Alexander FRANKEL: Now, if you think of why you go home at night and watch the six o’clock news, you don’t want to see the news in order to make better decisions in your life. You’re probably there in order to be entertained, and that’s the aspect we’re trying to bring in.

That’s the economist Alex Frankel. In our previous episode, we talked to him and two of his colleagues — Jeff Ely and Emir Kamenica — about a paper they’ve written called “Suspense and Surprise.” Here’s Ely.

Jeff ELY: We view the construction and the development of suspense and surprise and other aspects of entertainment as basically optimally and economizing on a scarce resource, which is the ability to change someone’s beliefs.

In other words, our ability to be surprised, or to experience suspense, is limited. So if you are making suspenseful movies, or writing mystery novels, you need to dish out these components very strategically. That’s what we mostly talked about in the last episode — movies, novels, also sports. But then the conversation turned to suspense and surprise in the context of the news.

FRANKEL: The way that economists have tended to think about the news is that surprise and suspense aren’t a part of it at all. There’s no entertainment value, there’s a value of information because it tells you what to do.

But that’s not the way these economists see the news. Or maybe I should say, how these economists see how we see the news. Just think about how a TV news show works.

ELY: When you go to a commercial, they’ll typically tell you a little bit about the story that’s about to come, enough to generate suspense about what they’re going to tell you after the commercial break, but without fully revealing it. You have something to anticipate and a reason to stay tuned through the commercial break that would probably not be so relevant if you were trying to be informed.

DUBNER: I find it very berating to hear you say this, because it jibes with my view of what news is and why people consume news. We tell ourselves we consume news to make ourselves more informed citizens, and so we can keep up with things, for reasons I don’t know. I don’t know why it’s important that I keep up with Yemen, for instance. I have no idea why that’s actually important, unless we think about it in terms of what you just said, which is that it might entertain me. Maybe Yemen doesn’t entertain me, but other things do, and therefore that gives me reason. But that statement is a little bit heretical in circles of civic duty and news consumption, isn’t it?

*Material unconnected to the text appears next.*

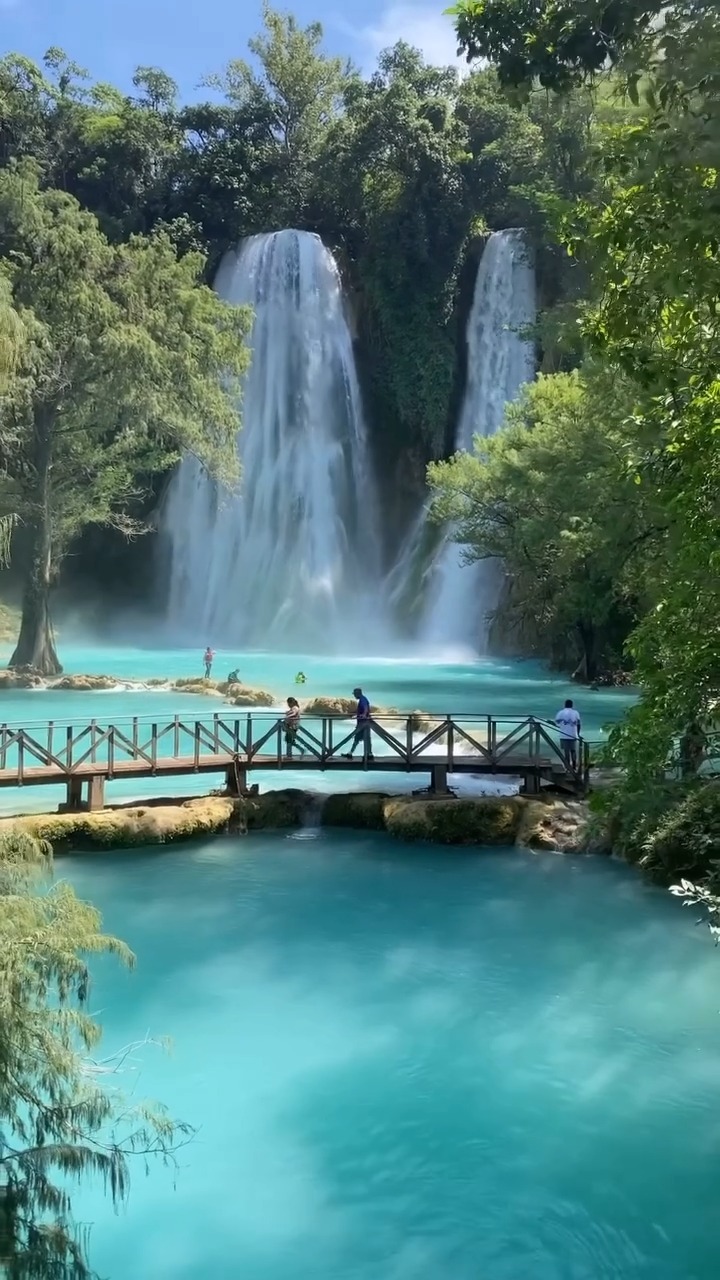 La naturaleza siempre nos sorprende.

Emir KAMENICA: Absolutely, there’s a view that certain transformation of news into entertainment has been a great downfall of civic society, but that blames the news as opposed to the lack of interest in news when it’s not entertaining. It would be great to collect some data that I think hasn’t been collected before. To what extent does entertainment lead to a more informed populace? I would love to know whether having a character like Herman Cain run in the Republican primaries makes the voters better informed as to what the final candidates’ policies are. I don’t think there’s any data, I’ve never heard of any study, that actually tries to pin down the way in which this drama and entertainment element of primaries is a contributor to a more informed public.

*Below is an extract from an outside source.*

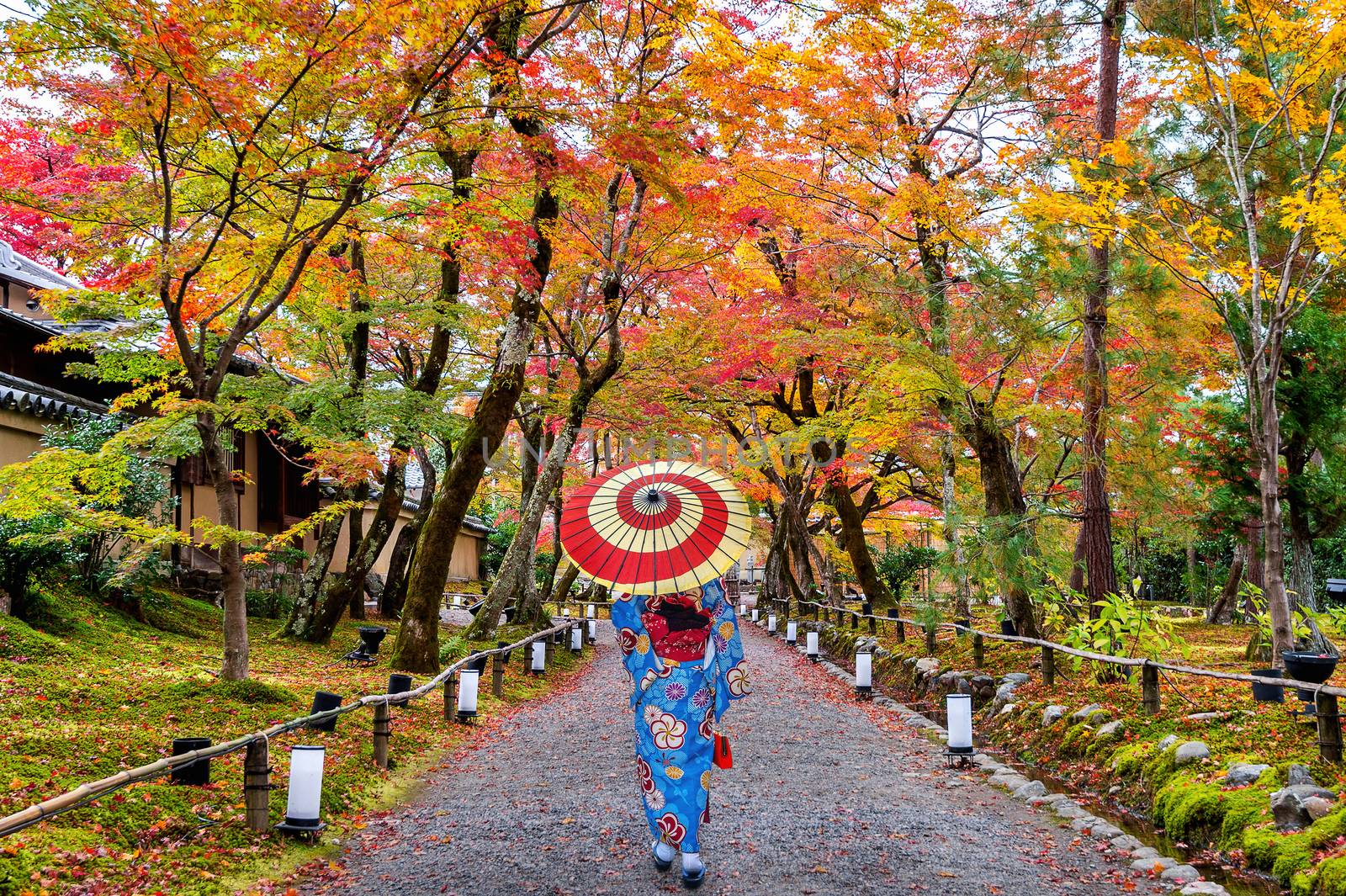 Asian woman wearing japanese traditional kimono walking in autumn park. by gutarphotoghaphy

DUBNER: There are so many truisms, or maybe just one big truism, which is that the news is so important for our fulfillment of civic duty, and it makes us “better” voters and more informed voters. However true or not true that truism may be, what does it say about what we don’t know about how people actually consume news and become informed and maybe vote on it? What does it say about the incentives to follow along the news, and the incentives to vote?

FRANKEL: Economics poses something of a paradox: we say people should never vote. It’s never worth your time to learn about candidate positions. It’s never worth your time to even walk to the polling booth, because your vote isn’t going to determine the election. There are millions of other votes. Why even bother? Now, I do vote. Why do I vote? Why do I care? For me, I care about the policies a lot, but there’s an aspect that feels a lot like watching a sports game to me. I have a team I’m rooting for. I feel like I can help my team when I go out to vote for them. I’m an economist. I do listen to the policies. But I’m also engaged with the horse race aspect of it. That’s the fun part. The policy part is the eating your vegetables part. The treatment of news as entertainment, and bringing this horse race aspect in, can make people better informed. It can get them involved, and that’s probably a good thing. It has what we’d call positive externalities: when people are more informed, they’ll make better decisions even if they aren’t voting for the reasons we think they should be voting.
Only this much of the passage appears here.